No entanto, por causa da guerra civil na Espanha (1936-1939), Nazária corria grave risco de vida. Então, em 1938, transferiu-se para a Argentina, onde instituiu várias obras em prol dos jovens e dos pobres.

Devido às suas condições de saúde precárias, Nazária Inácia faleceu em Buenos Aires, em 1943, e foi beatificada por São João Paulo II em 27 de setembro de 1992.

● Núncio Sulprizio

Núncio nasceu em 13 de abril de 1817, na província italiana de Pescara. Com seis anos de idade ficou órfão de pai e mãe e foi confiado aos cuidados da sua avó materna. Com ela, começou a frequentar Jesus na Eucaristia e a invocar a Santíssima Virgem.

Com o falecimento da sua avó, Núncio foi viver com um tio, que o ensinou a profissão de ferreiro. No entanto, o trabalho duro e os maus-tratos, aos quais seu tio o submetia, fizeram-no adoecer.  Acometido por uma tuberculose óssea, transferiu-se para Nápoles, onde ficou internado no Hospital. Ali, recebeu a Primeira Comunhão tão desejada.

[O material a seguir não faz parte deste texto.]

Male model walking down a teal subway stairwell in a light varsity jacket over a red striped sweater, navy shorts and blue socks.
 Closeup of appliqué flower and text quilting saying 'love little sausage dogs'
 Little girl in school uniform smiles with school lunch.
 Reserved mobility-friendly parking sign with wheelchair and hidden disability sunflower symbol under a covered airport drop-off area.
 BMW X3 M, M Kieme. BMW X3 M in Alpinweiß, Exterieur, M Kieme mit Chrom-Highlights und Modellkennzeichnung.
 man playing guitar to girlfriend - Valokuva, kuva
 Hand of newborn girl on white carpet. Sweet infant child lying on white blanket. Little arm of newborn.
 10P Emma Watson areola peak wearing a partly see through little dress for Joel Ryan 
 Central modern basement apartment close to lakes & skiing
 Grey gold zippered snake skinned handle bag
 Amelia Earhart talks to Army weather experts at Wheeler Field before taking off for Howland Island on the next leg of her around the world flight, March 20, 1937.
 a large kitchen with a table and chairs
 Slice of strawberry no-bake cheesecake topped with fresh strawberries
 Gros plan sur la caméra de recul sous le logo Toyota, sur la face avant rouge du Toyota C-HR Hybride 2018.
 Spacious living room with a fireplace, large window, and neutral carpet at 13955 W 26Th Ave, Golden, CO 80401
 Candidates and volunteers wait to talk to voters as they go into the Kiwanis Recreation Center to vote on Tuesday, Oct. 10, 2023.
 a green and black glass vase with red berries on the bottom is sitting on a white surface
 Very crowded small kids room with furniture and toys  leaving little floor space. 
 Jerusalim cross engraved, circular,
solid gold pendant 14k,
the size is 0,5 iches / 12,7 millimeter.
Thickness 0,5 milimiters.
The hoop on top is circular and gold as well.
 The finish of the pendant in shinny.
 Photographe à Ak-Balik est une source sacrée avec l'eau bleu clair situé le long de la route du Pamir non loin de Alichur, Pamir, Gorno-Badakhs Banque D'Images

A doença degenerou-se rapidamente, tanto que, em 5 de maio de 1836, Núncio Sulprício entregou sua alma a Deus, com apenas 19 anos de idade.

Em 1890, o Papa Leão XIII decretou as virtudes heroicas de Núncio Sulprício, propondo-a como modelo para os jovens. Em 1º de dezembro de 1963, Paulo VI presidiu à sua Beatificação.